2.2 Sampling design
We used the IFN (“Inventário Florestal Nacional”) database provided by the Brazilian Forest Service (“Serviço Florestal Brasileiro”; SFB 2019), which comprises 376 grids of 20 km x 20 km (named conglomerate) distant at least 20 Km from each other (Fig. 1). We selected only 144 plots located in crystalline Caatinga (see Moro et al. 2016). Starting in October 2013 and finishing in August 2014, a conglomerate was installed with four sample subunits with 20 m x 50 m each, representing a total area of 4,000 m². In each subunit, all trees, cacti, and palms with diameter at breast height (DAP) greater than or equal to 10 cm were sampled. As most woody plants in Caatinga have DAP ≤ 10 cm (SFB 2019), a smaller plot (10 m x 10 m) was installed inside the subunit and shrubs with a DAP between 5 and 9.9 cm, herbs and lianas were sampled. Some species were recorded in more than one life-form. A total of 2,148 botanical samples of trees, shrubs, herbs, and lianas individuals were collected and sent to the “Herbário Prisco Bezerra” of the Federal University of Ceará (UFC) to identify the species with assistance from specialists following the Flora e Fungi do Brasil. Although the IFN data has exotic and native species, we considered only native species in the following analyses (Table S1). Results with native and exotic species together are in Table S2.
2.3 Predictor variables
Standardized climatic data - For all the sites we extracted the 19 bioclimatic variables from CHELSA (www.chelsa.org.br), a high resolution (30 arc seconds or ~ 1 km at equator) database for the 1979–2013 period (Karger et al. 2017). We retained the uncorrelated variables (r < 0.25 and p > 0.05 ): mean annual temperature (°C*10, MAT), mean annual precipitation (mm/year, MAP) and precipitation of driest quarter (mm/quarter), and the range of variables covered by the study sites was 23.7°C to 28.9°C, 506 mm/yr to 1,172 mm/yr, and 3 mm/yr to 30 mm/yr, respectively. Because the Caatinga is a semi-arid region, we considered climatic variables related to temperature and precipitation as potentially significant ecological drivers of species richness.

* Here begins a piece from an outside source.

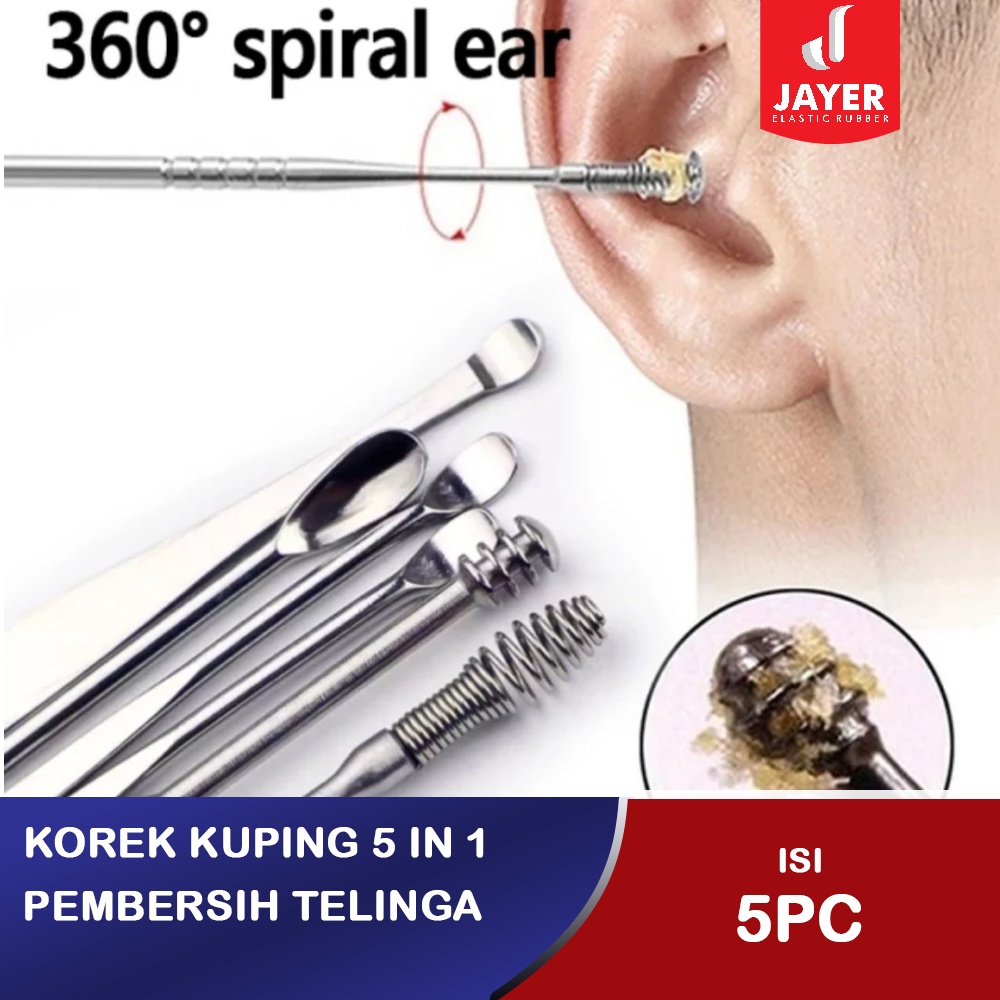 Pembersih Telinga KOREK KUPING Stainles 1 set 5 in 1 + Kotak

Soil Sampling - Soil data were collected by IFN in each plot within a 2 meters radius from the central point of each conglomerate, with samples at a depth of 0–20 cm, using Dutch auger or digger. The soil samples were sent to a specialized laboratory for analysis. From 15 chemical and physical variables, we considered only the uncorrelated: phosphorus (mg.kg− 1), base saturation index (%) and clay content (g.kg− 1). Higher values of these variables were positively related to soil fertility (Lu et al. 2002; Santos et al. 2012). For more details about soil sampling, see the National Forest Inventory Field Manual and forms, available at: SNIF - IFN - Dados abertos (www.florestal.gov.br).

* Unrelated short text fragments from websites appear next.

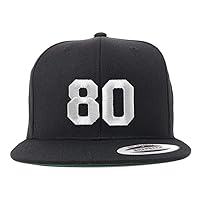 Trendy Apparel Shop Number 80 White Thread Embroidered Flat Bill Snapback Baseball Cap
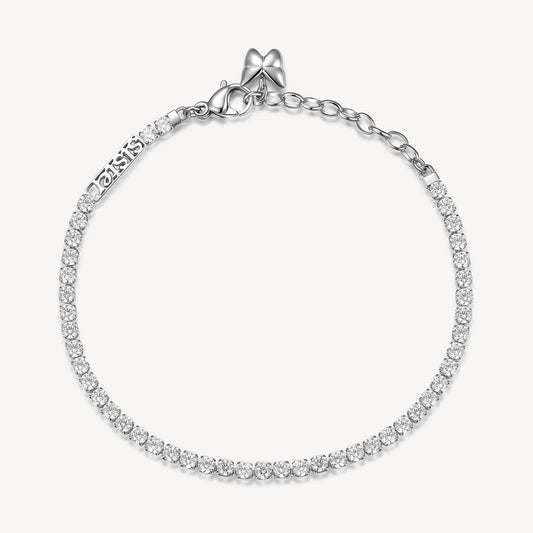 Simulated diamond bracelet, white stainless steel.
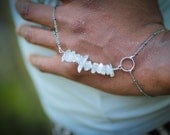 Hand Chain with crystals, rainbow moonstone, labradorite,ring bracelet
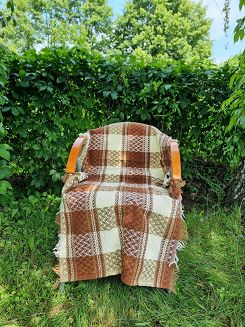 Komplet dekoracyjny narzuta 170x205 + 2x 60x170 terakota kremowa krata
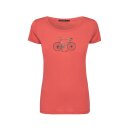 Damen T-Shirt Bike City Ride Carmine Red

Deforestation variables - The crystalline caatinga map (Moro et al. 2015) was used as a mask layer to cut the Mapbiomas land use and land cover data. Then, we used georeferenced digital files containing data on vegetation remnants, with the last updated map and accuracy = 81.8% (MapBiomas 2019) adjusting the date of the satellite image to the end of 2014, coinciding with the forest inventory in the state of Ceará (SFB 2019). The Mapbiomas dataset was reclassified to create habitat and non-habitat. The cell size of satellite images used to create forest cover maps was 30 m x 30 m (MapBiomas 2019). The habitat category included only Caatinga vegetation, whereas non-habitat category included several land use types, such as pasture (1,924,517.82 ha, 39.57%), agriculture (497,305.69 ha, 10.22%), agriculture and pasture mosaic (1,642,524.19, 33.77%), temporary crops (217,739.72 ha, 4.48%), urban infrastructure (81,540.90 ha, 1.68%), mining (268.80 ha, 0.005%), perennial crop (279,565.96 ha, 5.75%), soy beans crop (1.43 ha, 0.00003%), other temporary crops (217,738.30 ha, 4.48%) and other non-vegetated areas (2,853.32 ha, 0.06%) (MapBiomas 2019; Souza Jr et al. 2020).
Additionally, the shapefile composed of a layer paved (provided by DNIT – “Departamento Nacional de Infraestruturas de Transportes”; http://servicos.dnit.gov.br/vgeo) and unpaved (provided by OSM – OpenStreetMap; http://www.openstreetmap.org/) roads (IBGE 2010) were superimposed on the shapefile of the forest remnants to obtain a more accurate scenario of the habitat amount pattern of the Caatinga. An extension of 110 m and 60 m for each side of the paved and unpaved roads, respectively, was arbitrarily considered as a deforested area (i.e., non-habitat) and subtracted from the original forest area (based on Antongiovanni et al. 2018).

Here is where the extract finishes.